In non-Germanic Indo-European languages, past marking is typically combined with a distinction between perfective and imperfective aspect, with the former reserved for single completed actions in the past. French for instance, has an imperfect tense of similar form to that of German but used only for past habitual contexts like "I used to...". Similar patterns extend across most languages of the Indo-European family right through to the Indic languages.
Unlike other Indo-European languages, in Slavic languages tense is independent of aspect, with imperfective and perfective aspects being indicated instead by means of prefixes, stem changes, or suppletion. In many West Slavic and East Slavic languages, the early Slavic past tenses have largely merged into a single past tense. In West Slavic, person is indicated by conjugation of an auxiliary verb (employing the verb 'to be'). In Polish this auxiliary has evolved into a clitic which may attach to the main verb or alternatively to other parts of the sentence such as pronouns or conjunctions.
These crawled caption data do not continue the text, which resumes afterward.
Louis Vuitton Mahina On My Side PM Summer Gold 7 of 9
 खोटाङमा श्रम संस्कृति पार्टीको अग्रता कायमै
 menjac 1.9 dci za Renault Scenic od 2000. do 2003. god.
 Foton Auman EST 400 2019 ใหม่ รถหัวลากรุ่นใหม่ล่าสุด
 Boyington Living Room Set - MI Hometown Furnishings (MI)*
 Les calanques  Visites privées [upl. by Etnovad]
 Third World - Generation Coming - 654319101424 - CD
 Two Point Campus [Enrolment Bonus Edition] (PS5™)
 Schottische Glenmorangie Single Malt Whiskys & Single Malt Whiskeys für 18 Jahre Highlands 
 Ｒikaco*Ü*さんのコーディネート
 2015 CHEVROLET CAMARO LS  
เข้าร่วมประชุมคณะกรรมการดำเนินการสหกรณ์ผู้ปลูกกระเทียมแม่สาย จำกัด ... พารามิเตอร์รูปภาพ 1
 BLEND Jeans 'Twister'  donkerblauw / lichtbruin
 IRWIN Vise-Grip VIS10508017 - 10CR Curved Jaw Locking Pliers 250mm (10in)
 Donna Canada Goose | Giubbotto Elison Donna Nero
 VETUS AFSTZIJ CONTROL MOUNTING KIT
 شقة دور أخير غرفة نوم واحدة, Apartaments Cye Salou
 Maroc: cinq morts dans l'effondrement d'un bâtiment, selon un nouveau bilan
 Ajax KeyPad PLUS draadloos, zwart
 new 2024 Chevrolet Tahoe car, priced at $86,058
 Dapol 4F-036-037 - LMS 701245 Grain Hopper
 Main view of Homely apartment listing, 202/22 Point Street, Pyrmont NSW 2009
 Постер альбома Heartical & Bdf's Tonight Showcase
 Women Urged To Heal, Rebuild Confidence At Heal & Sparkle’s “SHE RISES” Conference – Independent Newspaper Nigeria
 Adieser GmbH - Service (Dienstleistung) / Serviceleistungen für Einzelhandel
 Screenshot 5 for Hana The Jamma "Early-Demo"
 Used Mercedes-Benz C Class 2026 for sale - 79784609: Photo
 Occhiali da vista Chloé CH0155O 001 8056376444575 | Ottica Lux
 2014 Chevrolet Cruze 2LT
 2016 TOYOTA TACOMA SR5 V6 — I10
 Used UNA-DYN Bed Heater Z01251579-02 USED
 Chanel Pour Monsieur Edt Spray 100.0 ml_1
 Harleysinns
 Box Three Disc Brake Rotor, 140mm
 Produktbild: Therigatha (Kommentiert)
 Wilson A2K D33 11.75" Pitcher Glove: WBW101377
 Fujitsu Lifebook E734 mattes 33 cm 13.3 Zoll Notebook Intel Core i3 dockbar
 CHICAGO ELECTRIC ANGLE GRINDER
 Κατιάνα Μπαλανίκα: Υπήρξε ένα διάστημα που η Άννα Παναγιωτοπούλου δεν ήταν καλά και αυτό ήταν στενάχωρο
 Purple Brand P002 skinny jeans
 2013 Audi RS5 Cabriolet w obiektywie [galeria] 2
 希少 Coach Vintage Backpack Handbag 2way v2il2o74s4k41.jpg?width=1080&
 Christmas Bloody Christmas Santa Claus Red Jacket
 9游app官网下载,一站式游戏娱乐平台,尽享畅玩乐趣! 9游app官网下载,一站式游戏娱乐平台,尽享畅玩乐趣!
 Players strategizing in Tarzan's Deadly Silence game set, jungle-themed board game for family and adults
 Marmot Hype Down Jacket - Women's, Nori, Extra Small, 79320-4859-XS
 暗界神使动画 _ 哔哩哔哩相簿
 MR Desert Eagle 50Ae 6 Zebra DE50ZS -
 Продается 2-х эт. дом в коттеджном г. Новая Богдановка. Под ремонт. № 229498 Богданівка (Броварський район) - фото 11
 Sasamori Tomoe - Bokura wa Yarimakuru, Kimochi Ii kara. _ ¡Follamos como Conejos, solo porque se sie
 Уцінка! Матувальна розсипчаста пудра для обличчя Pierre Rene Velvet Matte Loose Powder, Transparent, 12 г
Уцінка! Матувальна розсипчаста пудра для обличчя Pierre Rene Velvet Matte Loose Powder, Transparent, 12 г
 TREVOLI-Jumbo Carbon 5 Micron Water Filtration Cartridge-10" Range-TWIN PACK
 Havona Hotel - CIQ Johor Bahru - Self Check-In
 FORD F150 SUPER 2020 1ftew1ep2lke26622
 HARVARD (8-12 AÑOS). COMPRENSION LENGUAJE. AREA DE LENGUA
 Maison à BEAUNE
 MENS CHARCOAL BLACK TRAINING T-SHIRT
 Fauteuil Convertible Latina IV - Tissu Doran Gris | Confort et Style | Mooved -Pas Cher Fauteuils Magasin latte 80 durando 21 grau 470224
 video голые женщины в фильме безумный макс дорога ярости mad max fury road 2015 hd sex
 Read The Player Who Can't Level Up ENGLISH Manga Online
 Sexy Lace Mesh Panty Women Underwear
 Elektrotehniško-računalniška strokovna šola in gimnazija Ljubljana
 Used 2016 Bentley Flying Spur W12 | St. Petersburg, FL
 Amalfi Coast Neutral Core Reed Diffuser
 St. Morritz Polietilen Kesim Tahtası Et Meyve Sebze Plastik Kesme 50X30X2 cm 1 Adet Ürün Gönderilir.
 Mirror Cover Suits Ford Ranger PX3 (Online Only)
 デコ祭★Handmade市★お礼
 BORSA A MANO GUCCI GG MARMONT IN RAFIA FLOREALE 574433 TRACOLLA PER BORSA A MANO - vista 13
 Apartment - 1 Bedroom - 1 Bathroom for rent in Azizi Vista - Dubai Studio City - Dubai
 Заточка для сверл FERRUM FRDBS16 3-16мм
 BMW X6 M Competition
Languages using either an auxiliary verb or clitic often drop the pronoun as it is not necessary to indicate person. By contrast, East Slavic languages have dropped the auxiliary completely and indicate person by means of obligatory pronouns. In both West and East Slavic, verbs in the past tense are conjugated for gender (masculine, feminine, neuter) and number (singular, plural).
Whilst in Semitic languages tripartite non-past/past imperfective/past perfective systems similar to those of most Indo-European languages are found, in the rest of Africa past tenses have very different forms from those found in European languages. Berber languages have only the perfective/imperfective distinction and lack a past imperfect.
Many non-Bantu Niger-Congo languages of West Africa do not mark past tense at all and only have a form of perfect tense derived from a word meaning "to finish". Others, such as Ewe, distinguish only between future and non-future, comprising both present and past time frames.
In complete contrast, Bantu languages such as Zulu have not only a past tense, but also a less remote proximal tense which is used for very recent past events and is never interchangeable with the ordinary past form. These languages also differ substantially from European languages in coding tense with prefixes instead of such suffixes as English -ed.
Other, smaller language families of Africa follow quite regional patterns. Thus the Sudanic languages of East Africa and adjacent Afro-Asiatic families are past of the same area with inflectional past-marking that extends into Europe, whereas more westerly Nilo-Saharan languages often do not have past
Past tenses in the sense used within European languages are found within the vast Asian landmass only among the Dravidian languages and languages of the northern half, such as the Uralic, Mongolic, as well as Japanese and Korean. Languages in southeast Asia typically do not distinguish past tenses, though in some cases special particles are used to indicate completion of an event (such as Chinese le).
Among Native American languages there is a split between complete absence of past marking (especially common in Mesoamerica and the Pacific Northwest) and very complex tense marking with numerous specialised remoteness distinctions, as found for instance in Athabaskan languages and a few languages of the Amazon Basin. Some of these tense can have specialised mythological significance and use.
A number of Native American languages like Northern Paiute stand in contrast to European notions of tense because they always use relative tense, which means tense relative to a reference point other than the time an utterance is made.
Papuan languages of New Guinea almost always have remoteness distinctions in the past tense (though none are as elaborate as some native American languages), whilst indigenous Australian languages usually have a single past tense without remoteness distinctions.